_What to do_:
Omit the images, then print each record below exactly as it reads.

*** Block opens ***

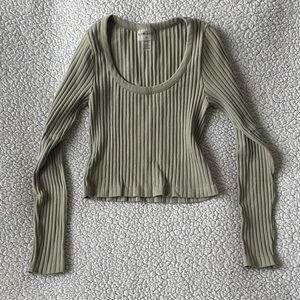 Eye Candy Ribbed Olive Long Sleeve Top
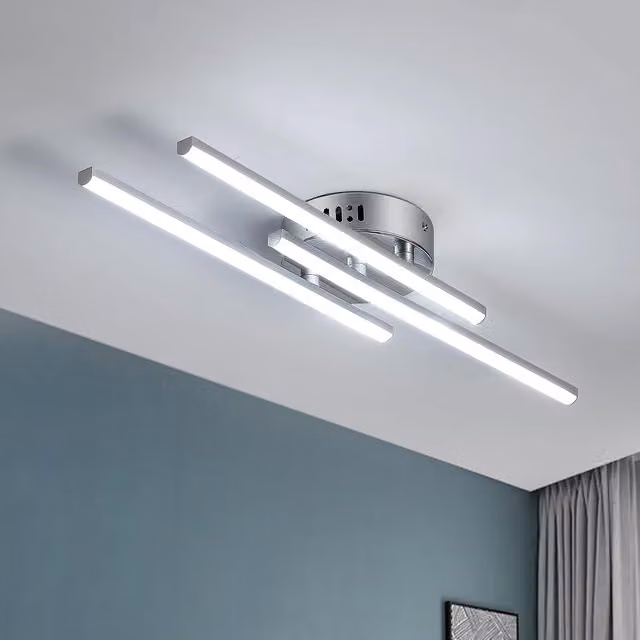 GOECO Modern LED Ceiling Light, 18W, Silver Aluminium Chandelier, 6500K Cool White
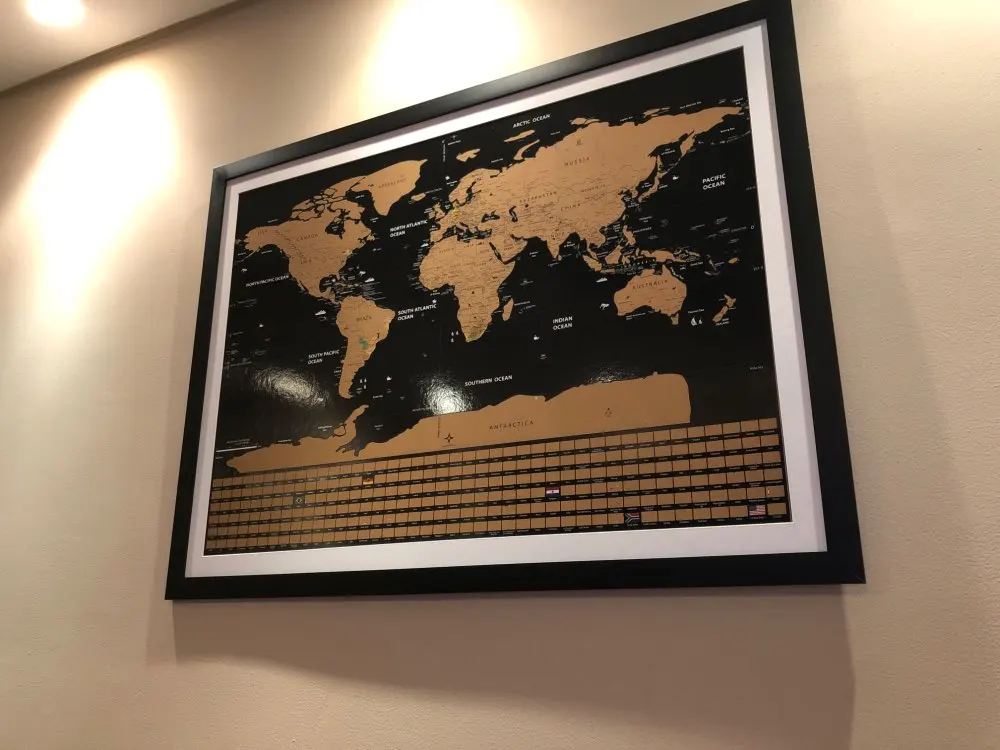 Маленькая Карта путешествий по миру с царапинами премиум-класса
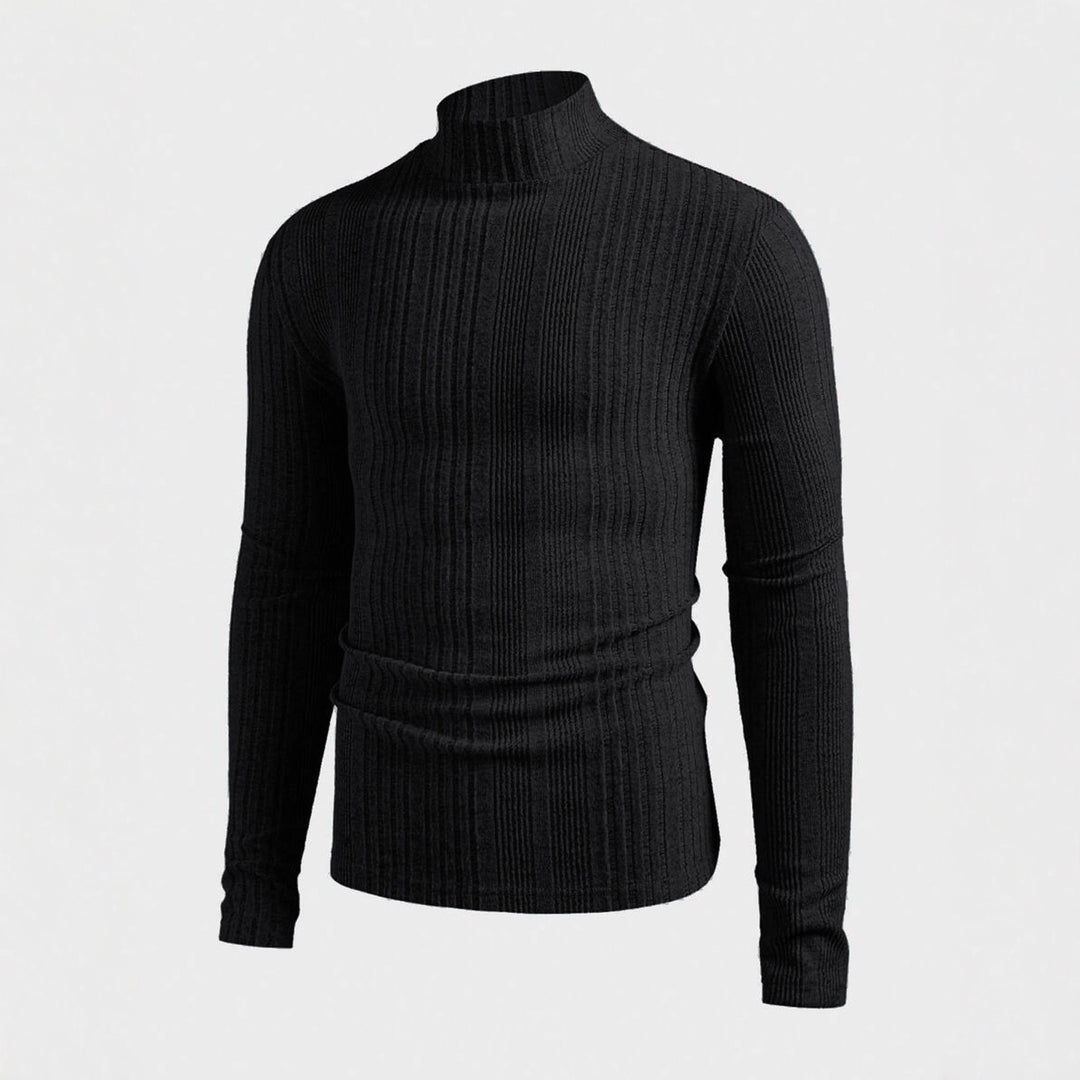 Herren Strickpullover mit hohem Kragen und Rippstruktur Heidi-Mode
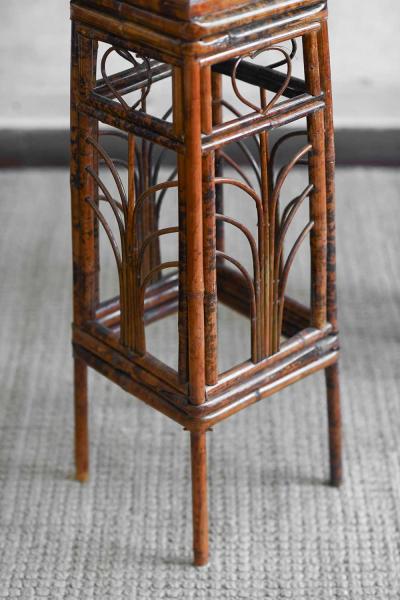Pair of Dark Wicker Plant Stands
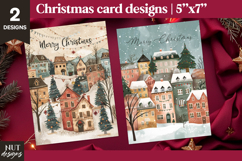 Vintage Christmas Village, Cute Houses Christmas card Product Image 1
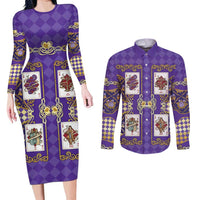 Zodiac Signs Couples Matching Long Sleeve Bodycon Dress and Long Sleeve Button Shirt The Air Element Baroque Diamonds Card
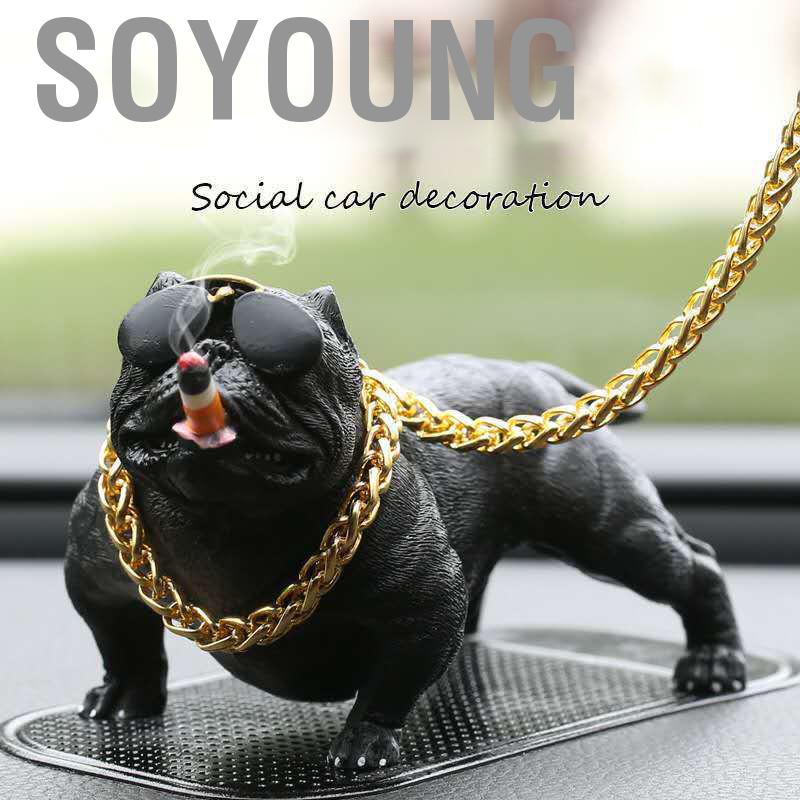 Soyoung Dog Figurine Resin Simulated Exquisite Cute Statue Car Interior Decoration Dashboard Ornament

*** Block closes ***

_The completed task_:
 Eye Candy Ribbed Olive Long Sleeve Top
 GOECO Modern LED Ceiling Light, 18W, Silver Aluminium Chandelier, 6500K Cool White
 Маленькая Карта путешествий по миру с царапинами премиум-класса
 Herren Strickpullover mit hohem Kragen und Rippstruktur Heidi-Mode
Pair of Dark Wicker Plant Stands
 Vintage Christmas Village, Cute Houses Christmas card Product Image 1
 Zodiac Signs Couples Matching Long Sleeve Bodycon Dress and Long Sleeve Button Shirt The Air Element Baroque Diamonds Card
 Soyoung Dog Figurine Resin Simulated Exquisite Cute Statue Car Interior Decoration Dashboard Ornament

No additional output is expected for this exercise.